Of the entries below, return exactly those lines that fall between the one containing "生態(tài)慶陽丨董志塬上書寫綠色答卷" and the one containing "The monkey sits", the two end lines included.
──────── EXERCISE MATERIALS ────────
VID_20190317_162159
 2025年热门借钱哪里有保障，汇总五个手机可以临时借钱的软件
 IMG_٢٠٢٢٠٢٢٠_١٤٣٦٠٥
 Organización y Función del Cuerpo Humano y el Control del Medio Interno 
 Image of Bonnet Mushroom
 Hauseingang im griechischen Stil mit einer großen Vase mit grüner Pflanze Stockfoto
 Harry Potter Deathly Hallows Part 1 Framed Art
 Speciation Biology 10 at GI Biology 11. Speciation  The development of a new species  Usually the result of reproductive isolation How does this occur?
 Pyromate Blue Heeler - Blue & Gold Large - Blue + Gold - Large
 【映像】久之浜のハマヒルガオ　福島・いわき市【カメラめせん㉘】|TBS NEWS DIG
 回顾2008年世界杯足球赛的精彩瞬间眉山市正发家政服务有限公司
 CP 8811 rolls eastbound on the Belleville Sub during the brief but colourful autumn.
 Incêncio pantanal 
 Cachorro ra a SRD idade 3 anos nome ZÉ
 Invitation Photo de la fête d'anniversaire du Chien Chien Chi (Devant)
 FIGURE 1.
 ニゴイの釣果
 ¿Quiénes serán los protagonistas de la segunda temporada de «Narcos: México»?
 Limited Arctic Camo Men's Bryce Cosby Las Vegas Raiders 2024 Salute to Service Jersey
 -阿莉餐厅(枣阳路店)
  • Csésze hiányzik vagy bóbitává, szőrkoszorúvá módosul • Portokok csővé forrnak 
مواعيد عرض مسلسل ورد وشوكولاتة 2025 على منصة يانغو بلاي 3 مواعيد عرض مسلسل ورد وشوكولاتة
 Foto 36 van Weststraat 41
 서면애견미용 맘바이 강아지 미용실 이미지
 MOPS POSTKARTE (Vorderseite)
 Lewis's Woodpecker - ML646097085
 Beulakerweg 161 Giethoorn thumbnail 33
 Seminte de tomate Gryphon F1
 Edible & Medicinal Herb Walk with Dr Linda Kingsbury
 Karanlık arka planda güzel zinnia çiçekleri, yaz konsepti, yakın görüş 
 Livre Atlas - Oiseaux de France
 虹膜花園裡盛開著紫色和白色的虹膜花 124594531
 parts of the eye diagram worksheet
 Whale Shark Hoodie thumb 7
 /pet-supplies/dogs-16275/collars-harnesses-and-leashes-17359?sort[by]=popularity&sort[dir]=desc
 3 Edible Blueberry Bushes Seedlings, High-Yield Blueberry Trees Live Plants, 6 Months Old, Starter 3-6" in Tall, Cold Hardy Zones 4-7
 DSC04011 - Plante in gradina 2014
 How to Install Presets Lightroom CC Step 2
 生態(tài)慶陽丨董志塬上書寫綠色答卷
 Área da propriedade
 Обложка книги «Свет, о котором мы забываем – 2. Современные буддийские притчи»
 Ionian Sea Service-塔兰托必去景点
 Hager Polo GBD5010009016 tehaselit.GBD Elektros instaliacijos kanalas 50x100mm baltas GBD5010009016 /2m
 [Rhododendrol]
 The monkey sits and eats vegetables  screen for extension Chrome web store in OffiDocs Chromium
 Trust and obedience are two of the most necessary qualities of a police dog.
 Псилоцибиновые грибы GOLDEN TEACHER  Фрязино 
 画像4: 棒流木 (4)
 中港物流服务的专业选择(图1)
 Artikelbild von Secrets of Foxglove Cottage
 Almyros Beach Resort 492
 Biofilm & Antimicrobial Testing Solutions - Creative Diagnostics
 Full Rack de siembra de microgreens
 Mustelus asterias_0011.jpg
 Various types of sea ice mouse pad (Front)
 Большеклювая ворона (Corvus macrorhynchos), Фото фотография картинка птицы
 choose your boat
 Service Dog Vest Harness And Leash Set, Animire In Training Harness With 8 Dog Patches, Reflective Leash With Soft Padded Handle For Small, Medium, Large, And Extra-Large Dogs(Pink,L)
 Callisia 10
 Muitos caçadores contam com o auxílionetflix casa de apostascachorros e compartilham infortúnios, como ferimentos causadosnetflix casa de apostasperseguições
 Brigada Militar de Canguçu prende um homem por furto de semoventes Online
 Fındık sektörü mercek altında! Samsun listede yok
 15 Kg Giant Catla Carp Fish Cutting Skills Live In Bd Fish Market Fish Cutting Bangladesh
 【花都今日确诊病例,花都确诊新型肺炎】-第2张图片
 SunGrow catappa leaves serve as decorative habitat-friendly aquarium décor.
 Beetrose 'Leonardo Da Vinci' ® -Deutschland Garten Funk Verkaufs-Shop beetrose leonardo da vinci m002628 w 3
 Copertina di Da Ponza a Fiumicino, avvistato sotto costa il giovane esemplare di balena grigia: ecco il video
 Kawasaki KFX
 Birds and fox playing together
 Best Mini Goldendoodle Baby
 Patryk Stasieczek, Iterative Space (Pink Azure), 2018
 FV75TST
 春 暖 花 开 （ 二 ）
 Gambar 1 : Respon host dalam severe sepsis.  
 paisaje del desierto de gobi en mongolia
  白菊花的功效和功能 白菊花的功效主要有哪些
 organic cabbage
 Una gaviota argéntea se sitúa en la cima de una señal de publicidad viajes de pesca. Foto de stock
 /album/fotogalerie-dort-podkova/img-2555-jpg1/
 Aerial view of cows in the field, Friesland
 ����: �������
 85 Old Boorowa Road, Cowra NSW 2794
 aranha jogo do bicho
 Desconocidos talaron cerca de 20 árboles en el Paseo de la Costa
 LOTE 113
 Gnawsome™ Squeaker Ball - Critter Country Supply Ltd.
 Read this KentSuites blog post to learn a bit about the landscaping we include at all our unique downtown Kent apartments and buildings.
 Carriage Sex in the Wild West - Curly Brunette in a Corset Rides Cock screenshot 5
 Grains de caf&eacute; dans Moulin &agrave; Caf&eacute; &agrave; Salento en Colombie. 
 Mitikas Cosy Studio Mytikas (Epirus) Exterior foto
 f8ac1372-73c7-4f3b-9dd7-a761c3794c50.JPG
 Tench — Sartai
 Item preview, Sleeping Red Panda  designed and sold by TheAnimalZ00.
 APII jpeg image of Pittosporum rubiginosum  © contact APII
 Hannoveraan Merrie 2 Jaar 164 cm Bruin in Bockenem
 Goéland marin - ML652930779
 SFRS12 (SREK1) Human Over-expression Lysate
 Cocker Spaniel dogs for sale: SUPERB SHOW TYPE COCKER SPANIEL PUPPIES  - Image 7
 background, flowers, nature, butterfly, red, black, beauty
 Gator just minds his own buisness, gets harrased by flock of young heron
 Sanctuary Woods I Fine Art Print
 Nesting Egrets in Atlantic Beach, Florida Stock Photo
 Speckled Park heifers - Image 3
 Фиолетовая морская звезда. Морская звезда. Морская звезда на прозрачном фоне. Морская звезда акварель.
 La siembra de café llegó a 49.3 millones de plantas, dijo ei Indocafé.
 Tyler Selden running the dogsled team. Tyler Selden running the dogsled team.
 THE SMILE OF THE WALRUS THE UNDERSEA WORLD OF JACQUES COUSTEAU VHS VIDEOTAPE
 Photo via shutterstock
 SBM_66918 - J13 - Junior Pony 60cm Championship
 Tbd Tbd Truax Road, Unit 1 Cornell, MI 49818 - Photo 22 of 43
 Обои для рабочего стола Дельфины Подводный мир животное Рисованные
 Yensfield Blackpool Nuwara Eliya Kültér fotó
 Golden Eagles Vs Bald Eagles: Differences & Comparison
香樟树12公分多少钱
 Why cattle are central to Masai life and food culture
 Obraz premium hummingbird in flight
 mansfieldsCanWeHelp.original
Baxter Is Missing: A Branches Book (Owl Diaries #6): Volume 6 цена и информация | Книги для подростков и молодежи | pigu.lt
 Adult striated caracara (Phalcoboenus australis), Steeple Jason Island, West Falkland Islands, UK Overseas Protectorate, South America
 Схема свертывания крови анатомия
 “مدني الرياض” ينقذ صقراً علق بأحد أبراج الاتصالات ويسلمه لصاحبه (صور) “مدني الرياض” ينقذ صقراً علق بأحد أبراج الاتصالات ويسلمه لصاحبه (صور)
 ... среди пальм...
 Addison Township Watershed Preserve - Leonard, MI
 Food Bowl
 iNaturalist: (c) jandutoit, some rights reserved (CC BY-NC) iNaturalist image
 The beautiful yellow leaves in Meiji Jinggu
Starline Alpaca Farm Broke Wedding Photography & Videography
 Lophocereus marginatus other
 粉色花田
────────
_TASK RESPONSE_.
 生態(tài)慶陽丨董志塬上書寫綠色答卷
 Área da propriedade
 Обложка книги «Свет, о котором мы забываем – 2. Современные буддийские притчи»
 Ionian Sea Service-塔兰托必去景点
 Hager Polo GBD5010009016 tehaselit.GBD Elektros instaliacijos kanalas 50x100mm baltas GBD5010009016 /2m
 [Rhododendrol]
 The monkey sits and eats vegetables  screen for extension Chrome web store in OffiDocs Chromium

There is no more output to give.